As many of you have already read, the state Supreme Court ruled yesterday that Tim Eyman’s 2001 Initiative 747 was unconstitutional on a close 5-4 decision. That initiative limited increases in property tax collections to 1 percent per year unless voters approved higher amounts. The Supreme Court upheld a June 2006 King County Superior Court ruling that found voters were deceived by the initiative because the text of the measure misled voters about the substantive impact of the intiative on existing law.
While it is impossible to tell what this ruling means for your own property taxes in the short or long term, the ruling clearly puts the property tax issue right on the front burner for the 2008 legislative session. Already Governor Gregoire has asked local governments to resist raising property taxes, attempting to calm homeowner fears that in the words of Tim Eyman local governments “will be like pigs at the trough.”

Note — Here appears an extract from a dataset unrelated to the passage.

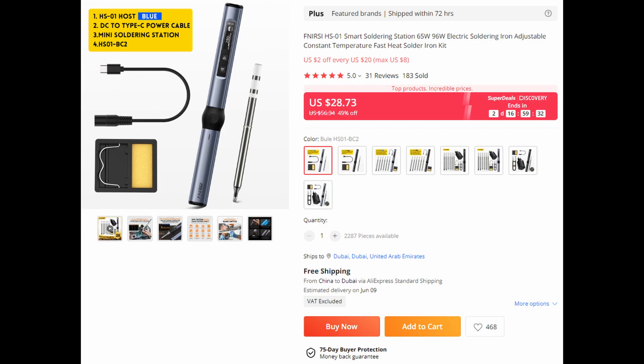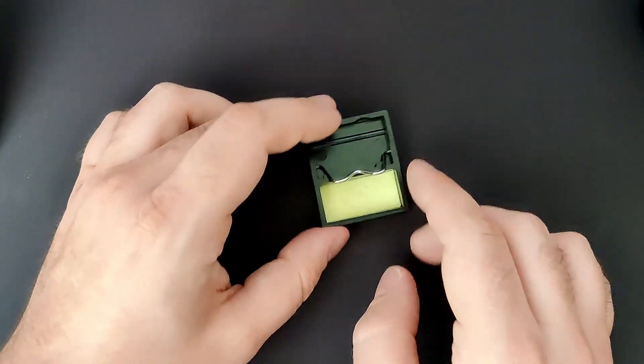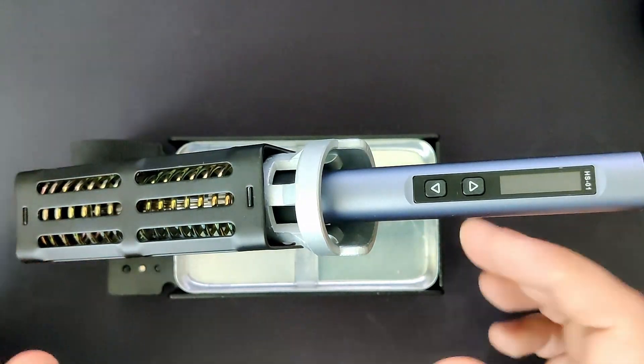If you don't care about any of the extras, you can get this soldering iron for less than 30 USD, just be aware that you only get the conical tip in the box. It still includes the DC to USB-C converter cable and this little soldering stand. In case you don't fancy the little solder tip rest area, I would suggest having a look at this soldering stand for a bit over 18 USD.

Both Democrats and Republican legislators seem to agree that some sort of property tax cap will need to be re-enacted, but the question is what sort of cap can get enough votes in both chambers? Given the failure on election day of tax increases for transportation in Proposition 1 and a sales tax increase for social programs in Thurston County, many members are sensing the public is back in a strong “no tax” mood. Expect some pushback from local government officials, though, who have struggled to maintain service levels for the past several years while having to live within the constraints of the 1 percent limit.